Latest revision as of 03:25, 7 October 2018

An HPSDR application for Linux

linHPSDR is specifically written for Linux. It is written in C using the GTK+ 3 toolkit and uses the version of WDSP that has been ported to Linux. It was originally based on piHPSDR but has had many enhancements to support multiple receivers. Some of the enhancements may be ported back to piHPSDR.

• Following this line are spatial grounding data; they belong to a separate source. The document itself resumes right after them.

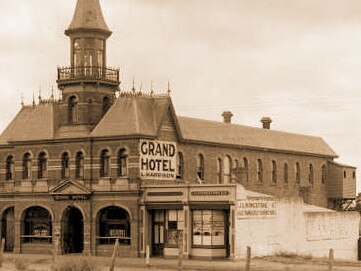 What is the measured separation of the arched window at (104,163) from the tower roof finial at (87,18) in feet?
27.8

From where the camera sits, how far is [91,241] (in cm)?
5762

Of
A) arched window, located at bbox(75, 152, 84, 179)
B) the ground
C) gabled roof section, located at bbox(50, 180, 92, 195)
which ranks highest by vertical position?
arched window, located at bbox(75, 152, 84, 179)

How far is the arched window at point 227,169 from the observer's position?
68106 mm

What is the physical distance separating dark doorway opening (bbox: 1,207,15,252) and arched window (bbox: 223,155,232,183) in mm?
15825

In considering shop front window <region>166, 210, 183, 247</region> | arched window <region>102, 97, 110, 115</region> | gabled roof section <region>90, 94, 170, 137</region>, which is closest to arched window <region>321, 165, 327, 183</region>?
gabled roof section <region>90, 94, 170, 137</region>

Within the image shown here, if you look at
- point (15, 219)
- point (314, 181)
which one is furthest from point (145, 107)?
point (314, 181)

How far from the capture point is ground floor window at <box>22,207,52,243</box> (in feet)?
198

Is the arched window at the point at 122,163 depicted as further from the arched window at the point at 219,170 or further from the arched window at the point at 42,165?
the arched window at the point at 219,170

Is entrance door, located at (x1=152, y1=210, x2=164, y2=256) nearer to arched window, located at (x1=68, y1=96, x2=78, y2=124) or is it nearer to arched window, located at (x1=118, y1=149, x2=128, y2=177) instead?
arched window, located at (x1=118, y1=149, x2=128, y2=177)

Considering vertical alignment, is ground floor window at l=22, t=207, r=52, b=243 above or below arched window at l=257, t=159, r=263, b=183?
below

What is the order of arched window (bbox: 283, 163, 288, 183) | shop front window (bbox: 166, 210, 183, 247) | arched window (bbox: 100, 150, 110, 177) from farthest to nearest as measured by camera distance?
arched window (bbox: 283, 163, 288, 183), arched window (bbox: 100, 150, 110, 177), shop front window (bbox: 166, 210, 183, 247)

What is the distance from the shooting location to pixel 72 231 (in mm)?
59938

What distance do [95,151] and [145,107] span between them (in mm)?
4240

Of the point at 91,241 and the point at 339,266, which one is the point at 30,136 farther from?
the point at 339,266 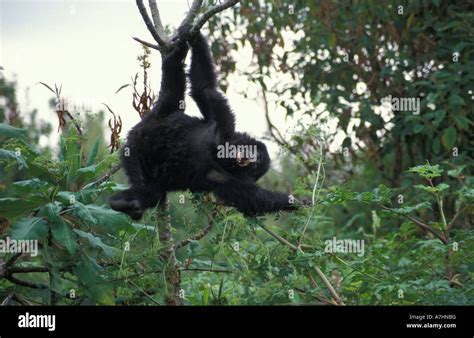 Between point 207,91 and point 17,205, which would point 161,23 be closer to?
point 207,91

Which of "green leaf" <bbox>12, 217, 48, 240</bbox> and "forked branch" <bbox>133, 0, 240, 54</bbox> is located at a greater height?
"forked branch" <bbox>133, 0, 240, 54</bbox>

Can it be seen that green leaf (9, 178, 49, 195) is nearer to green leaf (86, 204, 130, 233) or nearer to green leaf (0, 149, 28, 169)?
green leaf (0, 149, 28, 169)

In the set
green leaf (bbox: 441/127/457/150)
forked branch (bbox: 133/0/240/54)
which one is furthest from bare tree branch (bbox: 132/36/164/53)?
green leaf (bbox: 441/127/457/150)

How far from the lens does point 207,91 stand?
4.65 meters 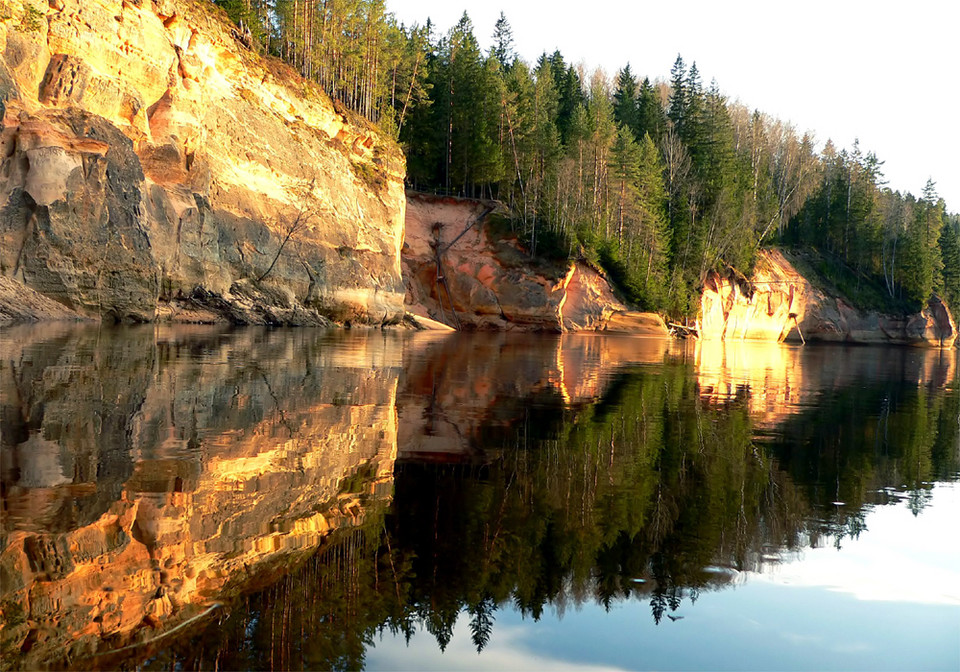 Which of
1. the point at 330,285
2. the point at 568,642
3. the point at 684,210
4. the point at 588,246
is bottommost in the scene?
the point at 568,642

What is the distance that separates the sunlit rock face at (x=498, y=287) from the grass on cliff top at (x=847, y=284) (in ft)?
109

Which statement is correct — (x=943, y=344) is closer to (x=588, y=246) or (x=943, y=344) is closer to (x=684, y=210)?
(x=684, y=210)

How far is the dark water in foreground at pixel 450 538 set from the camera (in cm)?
331

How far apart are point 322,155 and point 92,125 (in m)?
15.5

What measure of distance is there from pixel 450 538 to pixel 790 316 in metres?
74.5

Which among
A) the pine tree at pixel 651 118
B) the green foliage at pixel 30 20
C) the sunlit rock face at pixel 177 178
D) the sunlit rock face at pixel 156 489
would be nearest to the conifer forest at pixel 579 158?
the pine tree at pixel 651 118

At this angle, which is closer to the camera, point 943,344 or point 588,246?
point 588,246

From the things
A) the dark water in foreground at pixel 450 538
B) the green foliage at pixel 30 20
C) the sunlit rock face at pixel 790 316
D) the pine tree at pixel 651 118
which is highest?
the pine tree at pixel 651 118

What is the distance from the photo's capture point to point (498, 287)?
51.3 meters

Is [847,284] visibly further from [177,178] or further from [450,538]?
[450,538]

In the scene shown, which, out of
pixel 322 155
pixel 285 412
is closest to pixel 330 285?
pixel 322 155

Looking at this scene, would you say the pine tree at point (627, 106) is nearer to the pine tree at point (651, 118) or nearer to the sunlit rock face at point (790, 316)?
the pine tree at point (651, 118)

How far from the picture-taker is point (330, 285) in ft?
121

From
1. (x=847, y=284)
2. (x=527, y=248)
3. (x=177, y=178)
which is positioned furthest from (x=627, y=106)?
(x=177, y=178) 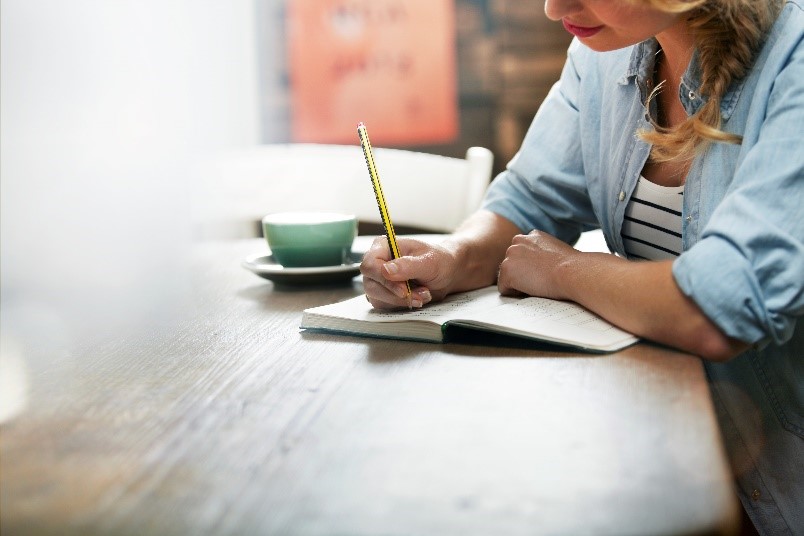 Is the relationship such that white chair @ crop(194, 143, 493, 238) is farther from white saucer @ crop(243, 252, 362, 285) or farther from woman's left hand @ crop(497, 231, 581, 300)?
woman's left hand @ crop(497, 231, 581, 300)

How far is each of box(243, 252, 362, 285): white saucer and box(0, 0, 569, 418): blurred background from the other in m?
0.12

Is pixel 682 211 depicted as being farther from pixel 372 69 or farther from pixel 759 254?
pixel 372 69

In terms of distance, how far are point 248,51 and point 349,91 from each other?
1.25ft

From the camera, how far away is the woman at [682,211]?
910 mm

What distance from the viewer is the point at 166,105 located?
9.16 ft

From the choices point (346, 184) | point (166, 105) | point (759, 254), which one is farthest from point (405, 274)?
point (166, 105)

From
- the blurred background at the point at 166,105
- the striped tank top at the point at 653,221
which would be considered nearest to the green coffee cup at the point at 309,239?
the blurred background at the point at 166,105

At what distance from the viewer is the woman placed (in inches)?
35.8

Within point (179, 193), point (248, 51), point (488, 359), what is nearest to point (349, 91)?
point (248, 51)

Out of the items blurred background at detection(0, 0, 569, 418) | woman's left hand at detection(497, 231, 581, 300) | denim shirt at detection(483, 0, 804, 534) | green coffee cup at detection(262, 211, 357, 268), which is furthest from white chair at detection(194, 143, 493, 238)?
woman's left hand at detection(497, 231, 581, 300)

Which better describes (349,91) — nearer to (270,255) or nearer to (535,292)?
(270,255)

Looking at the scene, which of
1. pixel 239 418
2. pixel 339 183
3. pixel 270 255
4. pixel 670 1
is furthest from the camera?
pixel 339 183

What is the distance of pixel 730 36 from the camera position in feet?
3.54

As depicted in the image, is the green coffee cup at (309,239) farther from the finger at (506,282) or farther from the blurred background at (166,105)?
the finger at (506,282) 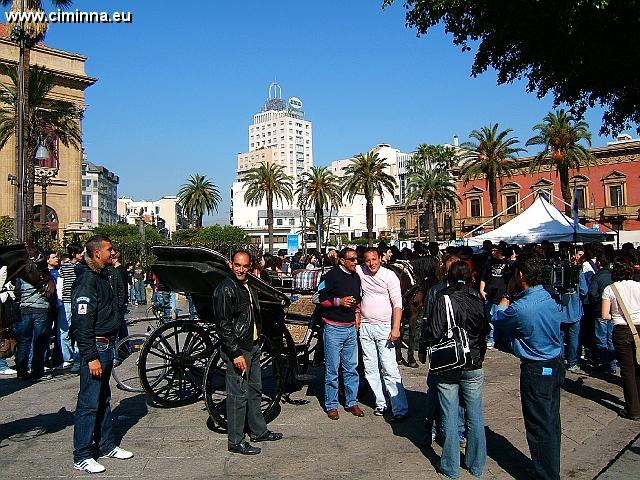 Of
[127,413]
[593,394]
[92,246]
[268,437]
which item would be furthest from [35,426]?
[593,394]

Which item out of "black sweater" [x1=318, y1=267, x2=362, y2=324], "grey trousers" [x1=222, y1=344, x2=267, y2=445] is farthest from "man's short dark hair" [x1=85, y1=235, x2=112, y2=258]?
"black sweater" [x1=318, y1=267, x2=362, y2=324]

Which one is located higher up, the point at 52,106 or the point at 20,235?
the point at 52,106

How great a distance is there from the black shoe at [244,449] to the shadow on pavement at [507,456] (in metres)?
2.13

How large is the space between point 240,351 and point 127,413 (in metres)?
2.26

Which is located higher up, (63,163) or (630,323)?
(63,163)

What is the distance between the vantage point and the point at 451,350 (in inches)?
195

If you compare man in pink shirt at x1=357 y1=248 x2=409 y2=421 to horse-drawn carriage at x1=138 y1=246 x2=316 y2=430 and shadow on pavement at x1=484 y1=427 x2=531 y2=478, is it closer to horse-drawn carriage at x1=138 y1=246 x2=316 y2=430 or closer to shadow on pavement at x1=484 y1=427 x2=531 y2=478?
horse-drawn carriage at x1=138 y1=246 x2=316 y2=430

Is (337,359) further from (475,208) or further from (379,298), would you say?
(475,208)

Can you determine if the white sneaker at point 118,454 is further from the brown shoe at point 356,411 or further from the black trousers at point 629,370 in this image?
the black trousers at point 629,370

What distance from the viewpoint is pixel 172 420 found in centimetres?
675

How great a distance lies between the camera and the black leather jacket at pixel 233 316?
5.61 metres

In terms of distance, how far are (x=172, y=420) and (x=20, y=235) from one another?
501 inches

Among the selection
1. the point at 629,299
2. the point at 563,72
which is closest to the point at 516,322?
the point at 629,299

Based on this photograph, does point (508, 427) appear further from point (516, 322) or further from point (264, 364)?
point (264, 364) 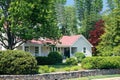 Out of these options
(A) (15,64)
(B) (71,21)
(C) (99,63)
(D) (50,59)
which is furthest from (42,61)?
(B) (71,21)

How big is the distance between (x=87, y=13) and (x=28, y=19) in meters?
47.9

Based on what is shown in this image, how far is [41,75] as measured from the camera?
2609 cm

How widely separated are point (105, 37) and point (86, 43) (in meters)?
22.6

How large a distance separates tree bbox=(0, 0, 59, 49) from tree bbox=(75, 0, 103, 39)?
1611 inches

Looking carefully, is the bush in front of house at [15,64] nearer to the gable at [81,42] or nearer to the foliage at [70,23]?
the gable at [81,42]

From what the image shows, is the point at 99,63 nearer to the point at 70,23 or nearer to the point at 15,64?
the point at 15,64

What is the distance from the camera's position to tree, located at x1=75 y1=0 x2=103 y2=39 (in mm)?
78562

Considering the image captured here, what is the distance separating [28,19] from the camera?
116 feet

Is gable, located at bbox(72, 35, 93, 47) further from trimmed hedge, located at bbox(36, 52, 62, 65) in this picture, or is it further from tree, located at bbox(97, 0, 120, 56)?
tree, located at bbox(97, 0, 120, 56)

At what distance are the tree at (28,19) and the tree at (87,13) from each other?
40915 millimetres

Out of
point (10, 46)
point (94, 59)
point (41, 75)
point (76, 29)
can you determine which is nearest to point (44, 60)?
point (10, 46)

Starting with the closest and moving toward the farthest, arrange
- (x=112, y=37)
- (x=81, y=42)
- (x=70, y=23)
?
(x=112, y=37)
(x=81, y=42)
(x=70, y=23)

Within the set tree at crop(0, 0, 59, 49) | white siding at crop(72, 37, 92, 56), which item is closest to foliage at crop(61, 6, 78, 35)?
white siding at crop(72, 37, 92, 56)

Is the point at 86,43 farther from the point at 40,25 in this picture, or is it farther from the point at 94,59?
the point at 94,59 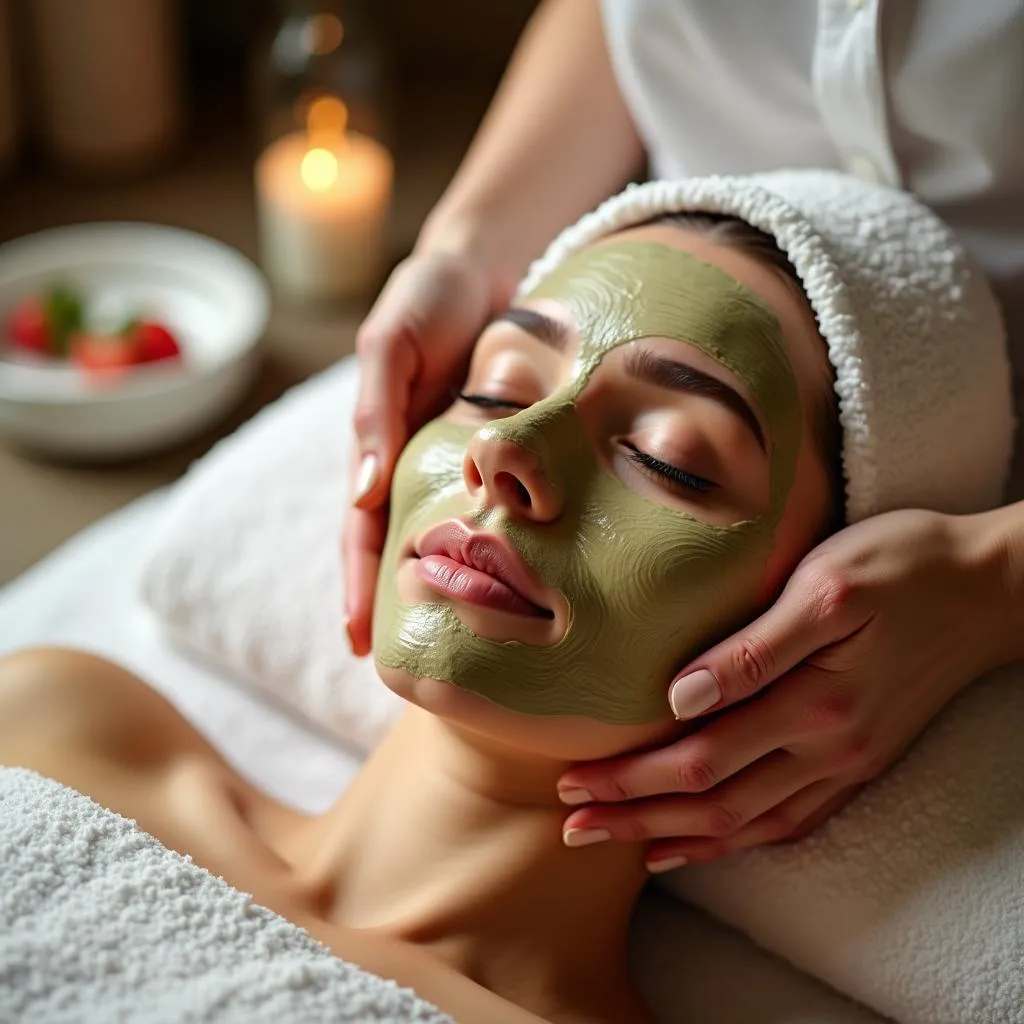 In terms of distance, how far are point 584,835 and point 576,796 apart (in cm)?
3

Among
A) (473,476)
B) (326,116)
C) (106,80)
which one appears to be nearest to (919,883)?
(473,476)

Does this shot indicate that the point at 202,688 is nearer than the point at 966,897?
No

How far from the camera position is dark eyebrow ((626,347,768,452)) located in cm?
96

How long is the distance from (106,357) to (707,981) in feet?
3.86

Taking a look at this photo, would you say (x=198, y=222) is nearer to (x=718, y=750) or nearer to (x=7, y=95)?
(x=7, y=95)

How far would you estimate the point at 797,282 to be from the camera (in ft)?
3.39

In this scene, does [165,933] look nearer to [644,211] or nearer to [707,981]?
[707,981]

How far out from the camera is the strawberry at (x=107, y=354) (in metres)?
1.79

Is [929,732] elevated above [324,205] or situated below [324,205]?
above

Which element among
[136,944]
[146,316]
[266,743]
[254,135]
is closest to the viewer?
[136,944]

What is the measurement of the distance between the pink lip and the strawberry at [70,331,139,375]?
3.34ft

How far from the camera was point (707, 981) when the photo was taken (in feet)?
3.57

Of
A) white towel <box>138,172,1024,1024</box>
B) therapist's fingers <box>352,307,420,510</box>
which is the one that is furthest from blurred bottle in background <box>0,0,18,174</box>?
white towel <box>138,172,1024,1024</box>

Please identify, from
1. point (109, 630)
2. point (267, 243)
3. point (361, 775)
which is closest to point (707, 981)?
point (361, 775) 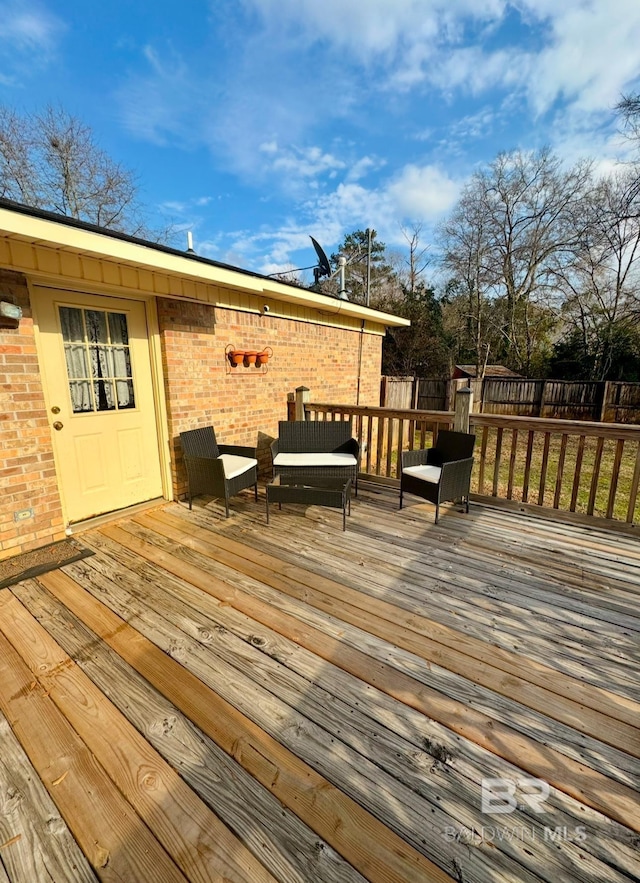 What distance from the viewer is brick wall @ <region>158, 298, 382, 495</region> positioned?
13.6ft

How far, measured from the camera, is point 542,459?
163 inches

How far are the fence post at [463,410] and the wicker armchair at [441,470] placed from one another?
0.15 m

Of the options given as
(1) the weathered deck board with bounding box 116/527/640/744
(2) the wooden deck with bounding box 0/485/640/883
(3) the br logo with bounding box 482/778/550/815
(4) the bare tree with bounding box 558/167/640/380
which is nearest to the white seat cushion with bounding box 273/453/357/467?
(2) the wooden deck with bounding box 0/485/640/883

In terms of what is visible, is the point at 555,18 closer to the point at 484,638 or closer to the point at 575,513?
the point at 575,513

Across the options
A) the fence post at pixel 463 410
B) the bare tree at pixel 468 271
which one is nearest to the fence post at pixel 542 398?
the bare tree at pixel 468 271

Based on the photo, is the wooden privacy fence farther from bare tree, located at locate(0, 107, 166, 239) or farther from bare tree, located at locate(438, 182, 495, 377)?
bare tree, located at locate(0, 107, 166, 239)

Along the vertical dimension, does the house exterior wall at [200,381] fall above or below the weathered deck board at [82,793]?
above

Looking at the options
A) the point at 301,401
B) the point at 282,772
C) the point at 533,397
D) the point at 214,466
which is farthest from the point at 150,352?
the point at 533,397

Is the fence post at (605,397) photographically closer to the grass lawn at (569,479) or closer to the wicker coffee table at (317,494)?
the grass lawn at (569,479)

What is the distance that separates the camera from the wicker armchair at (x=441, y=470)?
3.57 m

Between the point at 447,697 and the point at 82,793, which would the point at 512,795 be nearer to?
the point at 447,697

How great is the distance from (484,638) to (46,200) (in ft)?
49.3

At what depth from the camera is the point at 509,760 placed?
1465mm

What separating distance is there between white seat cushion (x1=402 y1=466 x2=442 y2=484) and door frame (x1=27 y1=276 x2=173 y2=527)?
8.74 ft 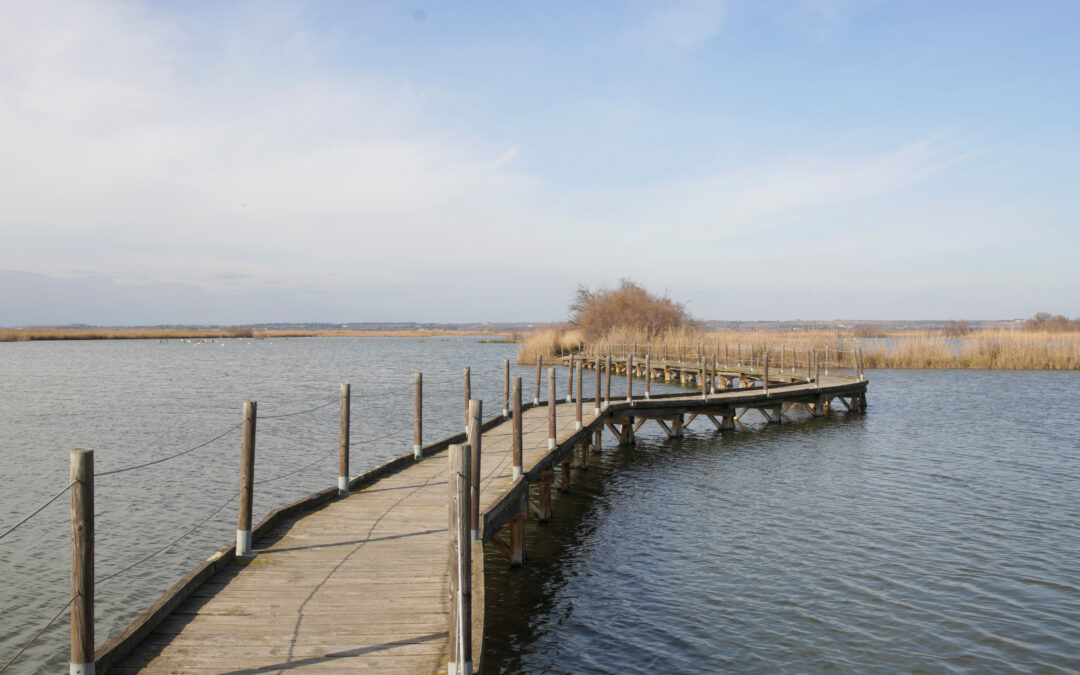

Both Protocol 1 and Protocol 2 are supported with up to 7 receivers depending on the HPSDR compatible radio being used. Note that when using Protocol 1 all the receivers will run at the same sample rate but when using Protocol2 they may be at different sample rates.

Each receiver has it's own window that can be moved and resized. The decision to use separate windows for each receiver rather than using a Multiple Document Interface was for better support of multiple displays.

Audio input and output can be from/to the radio or can be from/to a local sound card interface using PulseAudio. An additional advantage of using PulseAudio is that pseudo devices can be defined that can then be used to connect linHPSDR to other applications such as WSJT-X, FLDIGI, QSSTV and FreeDV without having to use sound cards and cables. Each receiver also supports CAT commands over TCP/IP.

Transmit is also supported. One of the receivers is assigned as the one that defines the Frequency and Mode of the transmitter. The selected receiver can be changed by the user.

Discovery

When first started the application will try to discover all the HPSDR compatible radios connected to the network and list them in the window. Each entry in the list will show the device type, the protocol, the protocol version, the IP address of the device,the MAC address of the device, the interface it was found on and it's status.

Discovery.png

Starting a radio

To start a radio select the required device and click on the Start Radio button. Two windows will be displayed. The first will have the panadapter display and frequency for transmitting and the second window will be a receiver.

Main.png

Receivers

When first started there will be one receiver (Rx-0) created. By default this will use ADC-0 and ANT-1. Additional receivers can be added using the Add Receiver button. The button will be grayed out when the maximum receivers have been created.